** PROBLEM STATEMENT **
From the listing below, reproduce exactly the lines starting with the one with "Columbia PFG Performance" and going on through the one with "Tuhands online show from August 5, 11:25 pm", both ends kept. No picture is copied.

** EXTRACTED INFORMATION **
==================================================

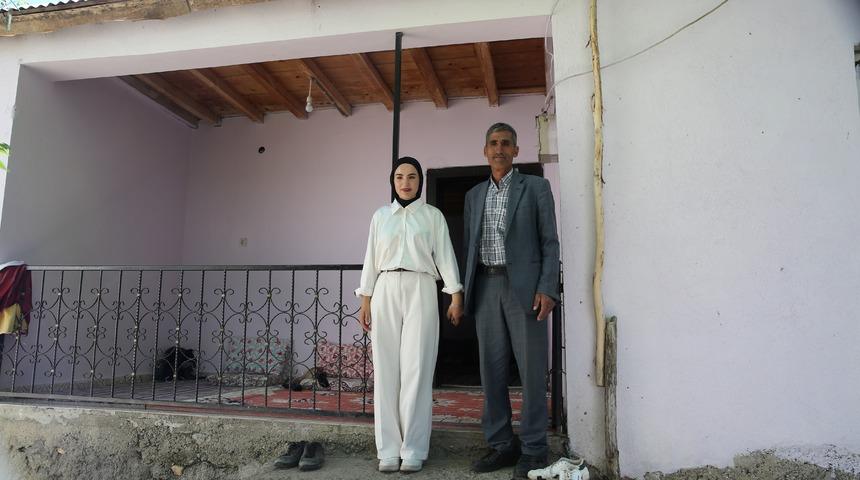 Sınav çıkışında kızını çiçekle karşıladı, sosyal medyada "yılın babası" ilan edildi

==================================================

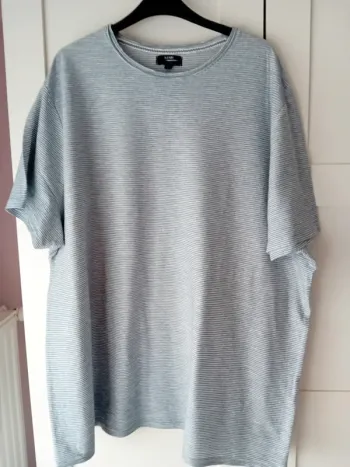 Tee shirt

==================================================

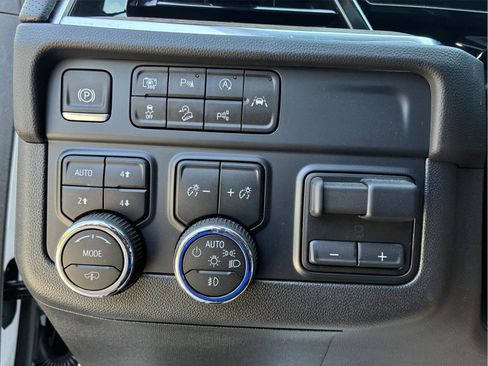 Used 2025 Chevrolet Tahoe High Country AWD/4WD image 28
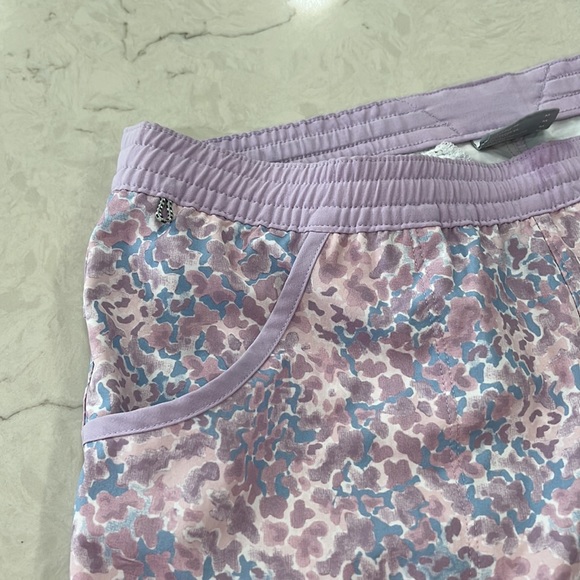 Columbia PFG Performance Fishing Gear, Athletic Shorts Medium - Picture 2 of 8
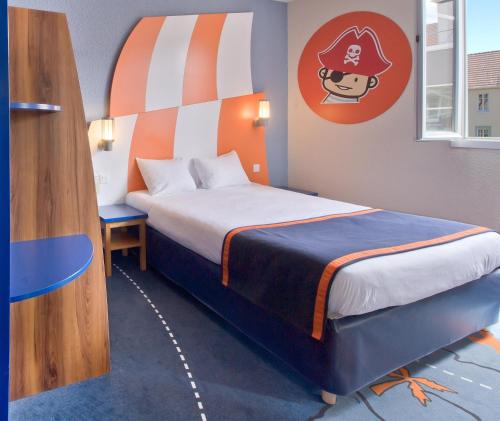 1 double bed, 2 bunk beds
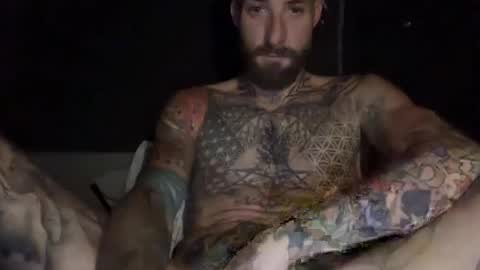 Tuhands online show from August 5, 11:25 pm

==================================================

** PROBLEM SOLUTION **
 Columbia PFG Performance Fishing Gear, Athletic Shorts Medium - Picture 2 of 8
 1 double bed, 2 bunk beds
 Tuhands online show from August 5, 11:25 pm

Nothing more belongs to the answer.